The deflation problem is easily solved by creating more cryptocurrencies. A crypto world isn't like a new gold standard, it's more like the system of competing private currencies advocated by Hayek, who claimed it would naturally lead to stability.
Exchange rates between them. Middlemen to pay to perform exchanges before you can actually use the currency to buy something. That doesn't immediately sound worse to you?
And who determines which new cryptocurrencies can be created and accepted? Because that risks runaway inflation again if anyone can do it and everyone has equal acceptance.
Yeah, and the stability of that market is what we're discussing.

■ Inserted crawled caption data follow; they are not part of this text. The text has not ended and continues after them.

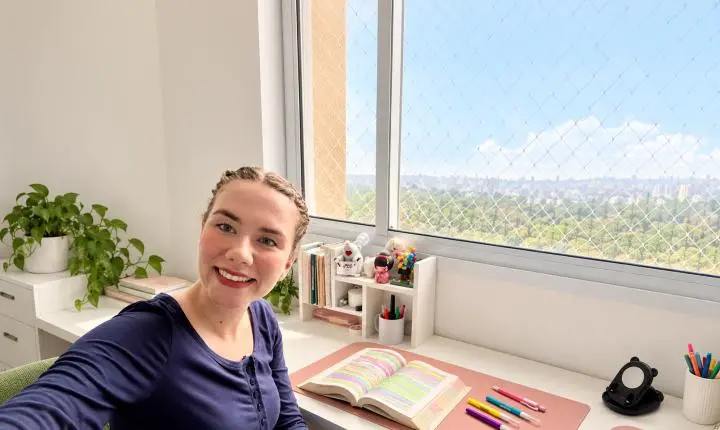 Funcionária da Novo Tempo usa redes sociais para falar de Jesus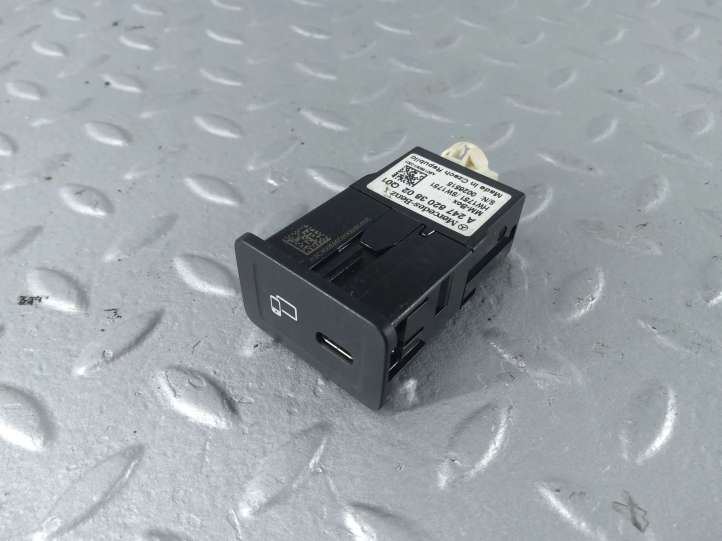 A2478203802 Mercedes-Benz A W177 USB jungtis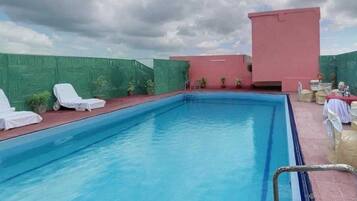 Hus | Pool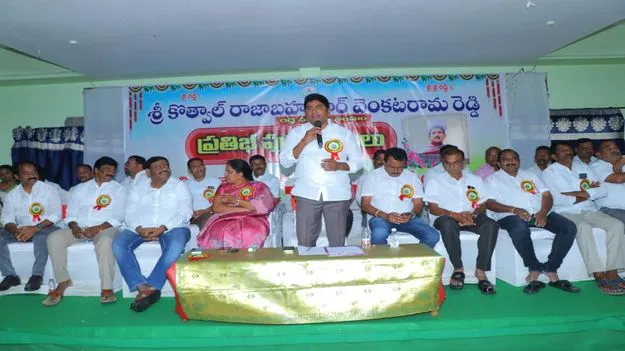 రాజాబహదూర్‌ వెంకటరామరెడ్డి విగ్రహాన్ని ఏర్పాటు చేయాలి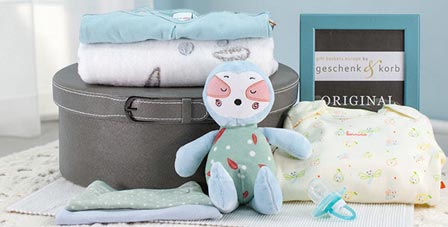 Send Baby Boy Gifts and Hampers
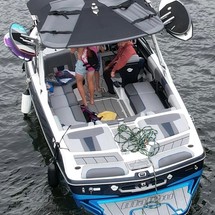 Malibu Wakesetter 23 LSV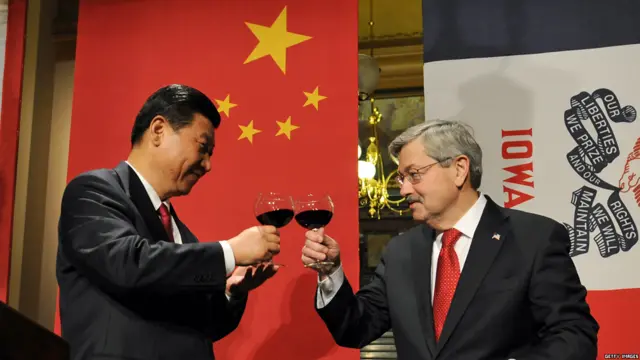 Ông Tập Cận Bình và Thống đốc Terry Branstad nâng ly tại Tiệc chiêu đãi cấp tiểu bang.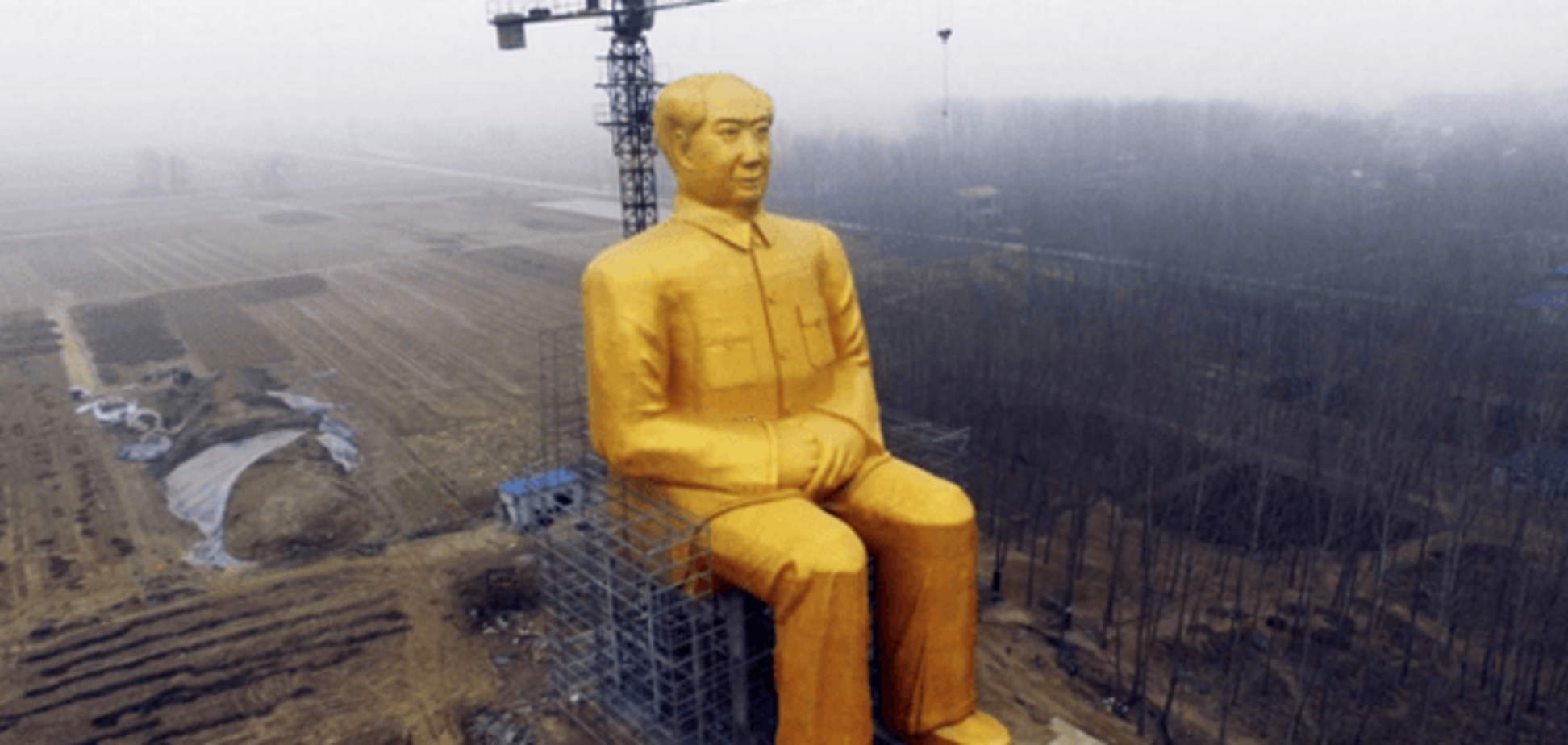 У Китаї встановили позолочену статую Мао Цзедуна заввишки в 16-поверховий будинок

If this market is either unstoppably deflationary or unstoppably inflationary it become unstable.
Whether "everyone has equal acceptance" is the issue; if there's no shortage of currency then there's probably no demand for a new one. People won't just automatically accept any new currency that comes along.
Hayek argued that the market would effectively govern such an economy and prevent both inflation and deflation. I don't know whether he was right; possibly we'll find out by experiment.
> People won't just automatically accept any new currency that comes along.
Eventually they will. You’ll have assets in billions of denominations, and you’ll be able to pay for coffee with a bunch of fractions of pennies and the markets will clear and consolidate value for you.
The future is not Bitcoin replacing the dollar. The future is the idea of a dollar replacing the dollar.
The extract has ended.